Letter to the editor

As a fourth-year student from China, I have seen the efforts of many student groups on campus to preserve the traditional East Asian culture over my time at Duke, like this year's Lunar New Year Show by ASA which took place the past weekend. But is it really about LNY? If you check the lunar calendar, it happened at the end of the first lunar month, a time when almost everyone who cares about the lunar new year has done with celebration (finished actually about two weeks ago). So it was quite a surprise to me and many of my friends from China that an LNY show is scheduled at such a late time.

Most of the traditional festivals in East Asian culture are primarily conditioned on the right timing, like Mid-Autumn Festival and Lantern Festival.

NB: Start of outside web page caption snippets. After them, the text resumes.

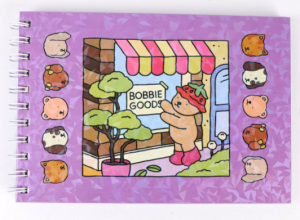 Bobbie Goods: Libro de colorear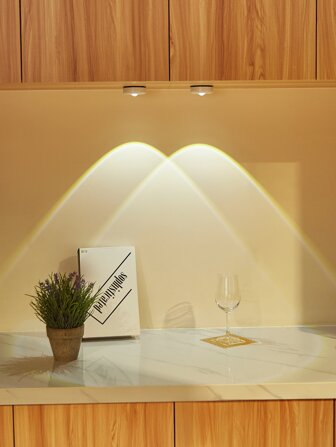 BASIC LIVING 1pc Lumière de projection coucher de soleil sous les armoires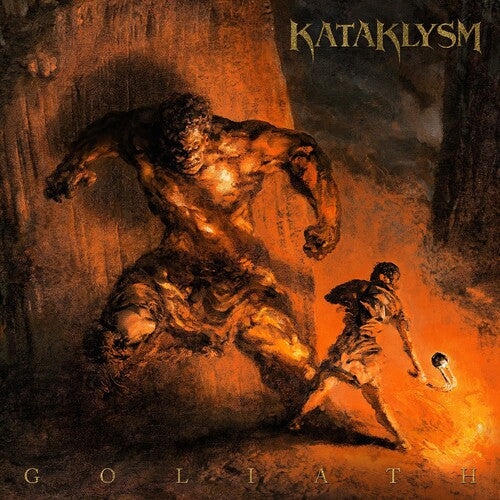 Kataklysm - Goliath Vinyle, LP, Édition Limitée, Orange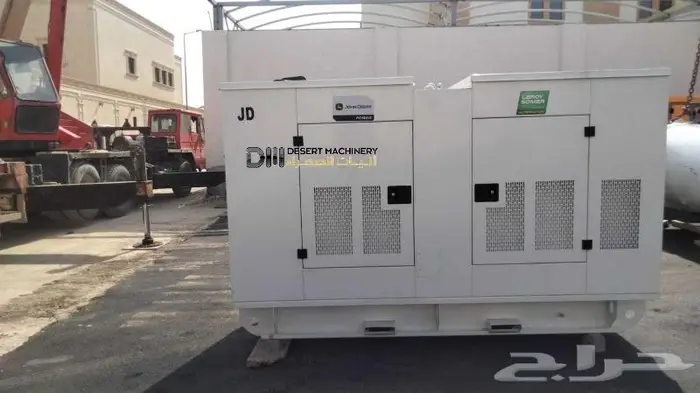 مولدات الكهرباء جوندير John Deere 3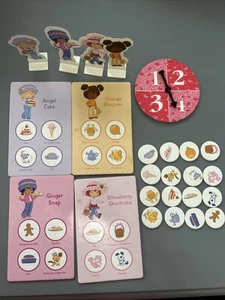 Strawberry Land Game by Roseart 1988 Lot of Game Parts (ONLY) Replacement Pieces - Picture 1 of 9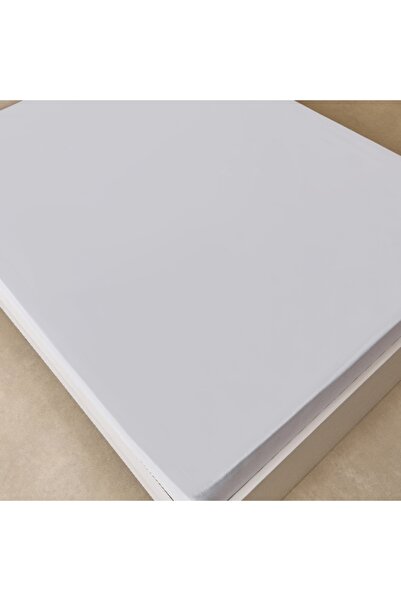 Home Box Bristol Polycotton Olympic Queen Fitted Sheet 160x200+25 cm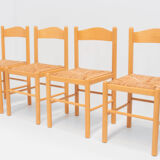 Ensemble de 4 chaises de salle à manger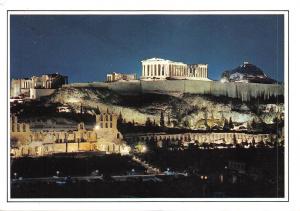 BF637 athens acropolis by night  Greece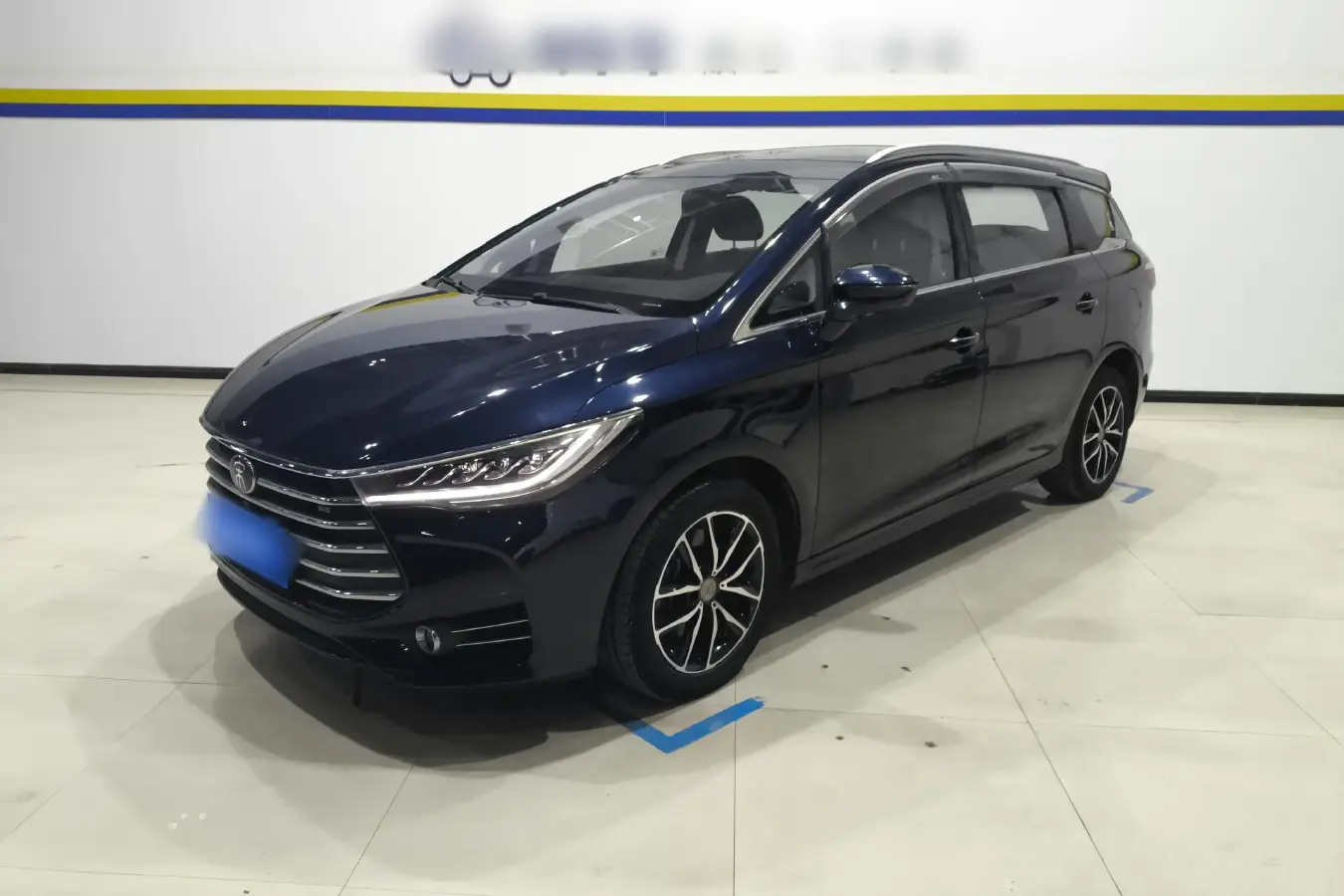 2017 BYD Song MAX 1.5T 154HP L4 6DCT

So this so-called LNY show was using LNY merely as a fancy title, which is appealing but misleading. The link between this event and lunar new year suggested by this particular name made me uncomfortable. LNY means a lot to me as someone growing up in a culture where it is as important, if no more, as Christmas in the West, and I don't think this whole event fits into the impression I have and many others have for Spring Festival and Chinese New Year in general. At least no one wants to celebrate Christmas at the end of January.

I'm open to different interpretation of tradition and culture, but if the deviation is too far, the name is improper to use. It reminds me of all the other twisted interpretations of traditional values and re-creation of cultural practice I have seen before (for instance, Dragon Boat Festival Celebration in early March). They all reflect a common problem of cultural groups: the eagerness of creating something eye-catching and the sense of representing something or somebody. They are having their own games with the real players standing by, perplexed.